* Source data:

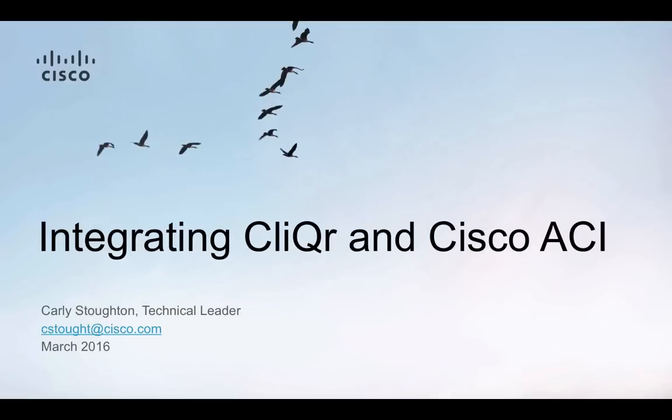Hello, my name is Carly Stoughton and I'm a technical leader with the DCMA Business Unit responsible for ACI and the Nexus 9000. Today I'd like to do a brief overview and demo of integrating CliQr and Cisco ACI.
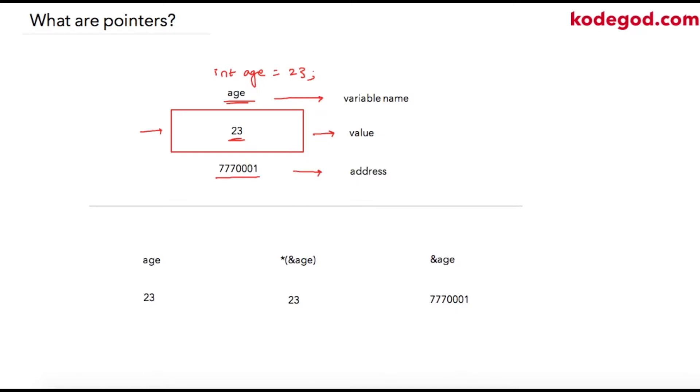So let us see how these can be denoted in C language. We can simply use age to fetch the value stored in that variable.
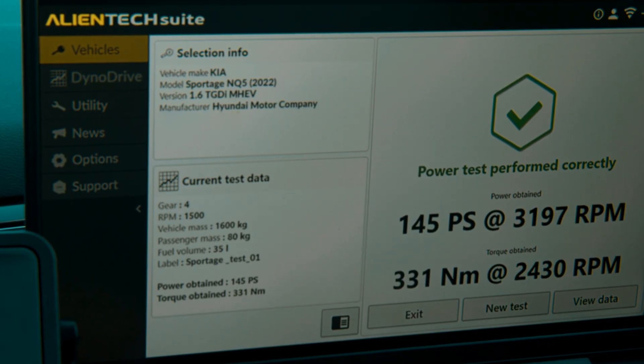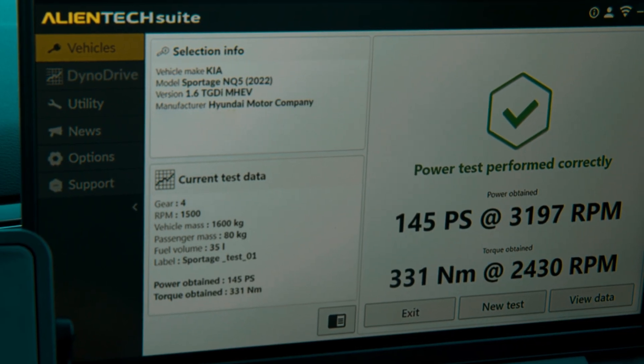Once you reach the rev-limiter, you will go into neutral or press the clutch, waiting for the vehicle to slow down. After a few seconds, the KEST3 will make a second acoustic signal and you will see the results about the calculated power and torque.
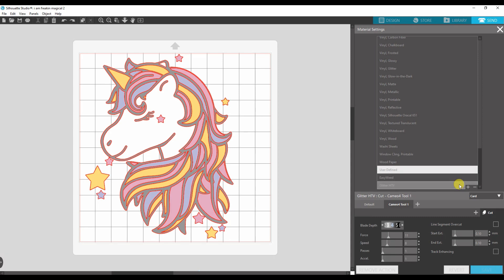Now we do have a printout of all the cut settings that we recommend for all the materials that we sell. I will put a link in the description to that PDF. You can print it at home. You can leave it up on your computer at all times or I would recommend printing it and then putting in all the cut settings and then going from there.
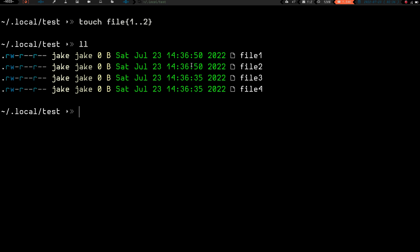The timestamps show about a 15-second difference — 14:36:50 versus 14:36:35 for files 3 and 4. So touch file{1..2} with curly braces just updated the timestamp for those two files.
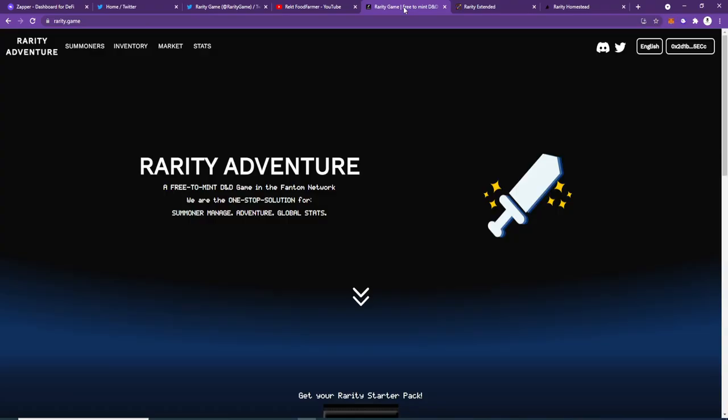So if anybody wants to come play with me, rarity.game to get your starter pack and come and get involved. Okay, ladies and gentlemen, Rekt Food Farmer signing out.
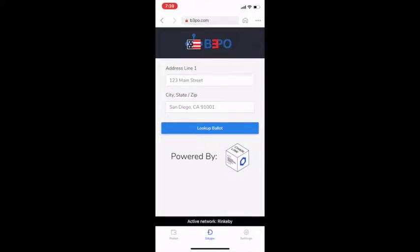Welcome to Secureware's demonstration of D3PO, a product of the Ethereum San Francisco Hackathon. D3PO provides an end-to-end solution for casting election ballots on the blockchain.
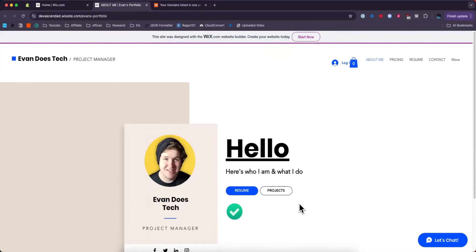Hey everyone, just wanted to make a quick video on how you can connect your Namecheap domain to your Wix website without paying for Wix.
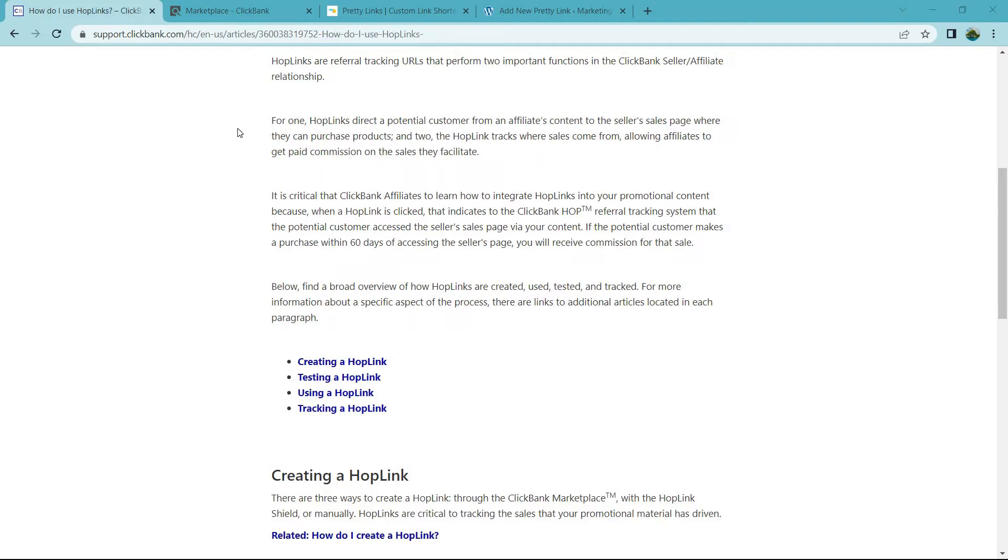And two, the hoplink tracks where sales come from, allowing affiliates to get paid commission on the sales they facilitate. It is critical that ClickBank affiliates learn how to integrate hoplinks into your promotional content because when a hoplink is clicked, that indicates to the ClickBank hop referral tracking system that the potential customer accessed the seller's page via your content.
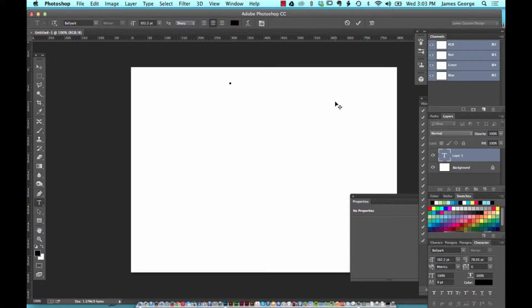Hello, I'm James George and this is Creative Beacon. This week I'm going to show you some time-saving tips for Photoshop.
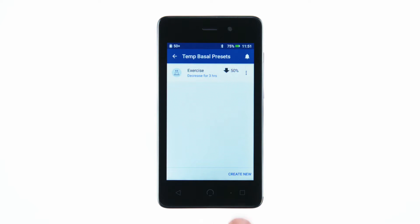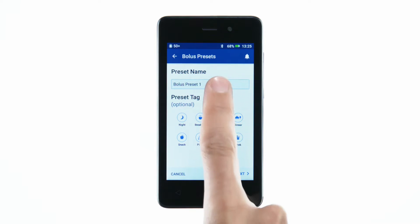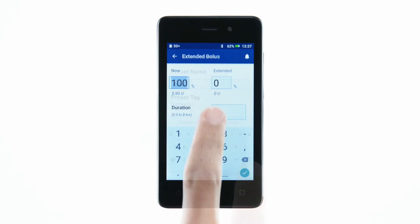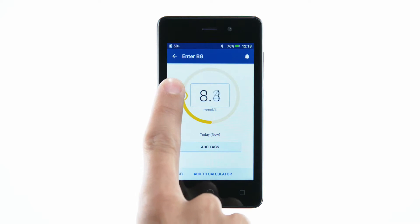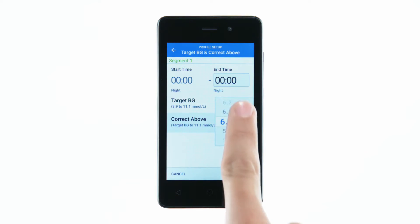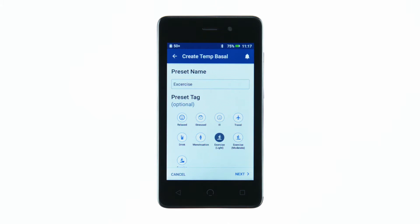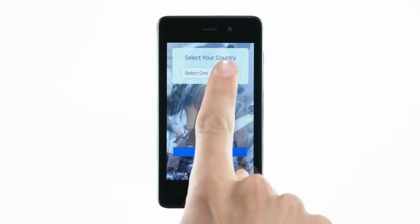Fields that you can edit are either underlined or framed by a box. To edit them, tap the field. This opens a keyboard, number pad, slider, or scroll wheel. While using the PDM, you will also encounter toggles, checkboxes, radio buttons, and drop-down lists.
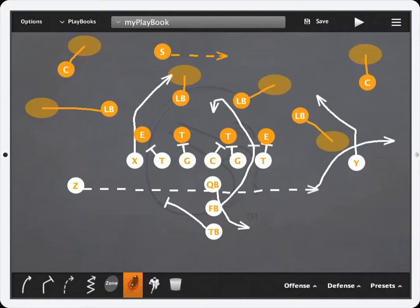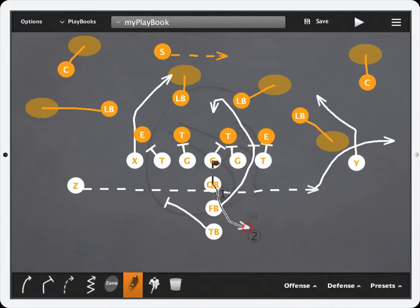Once the football tool is selected, go ahead and choose where you want the football to start — typically I start it with the center. Then you can tap a sequence of the path of the football. I'm going to tap on the quarterback to show the snap, then tap the tip of the quarterback's route to show his drop, and then tap the end of the Z receiver's route out in the flat.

* How to complete this task: Begin at the first line of the entries and end at the line containing "Once you reach": write out each line exactly, skipping pictures.

* Solution for this task:
Hello, my name is Carly Stoughton and I'm a technical leader with the DCMA Business Unit responsible for ACI and the Nexus 9000. Today I'd like to do a brief overview and demo of integrating CliQr and Cisco ACI.
So let us see how these can be denoted in C language. We can simply use age to fetch the value stored in that variable.
Once you reach the rev-limiter, you will go into neutral or press the clutch, waiting for the vehicle to slow down. After a few seconds, the KEST3 will make a second acoustic signal and you will see the results about the calculated power and torque.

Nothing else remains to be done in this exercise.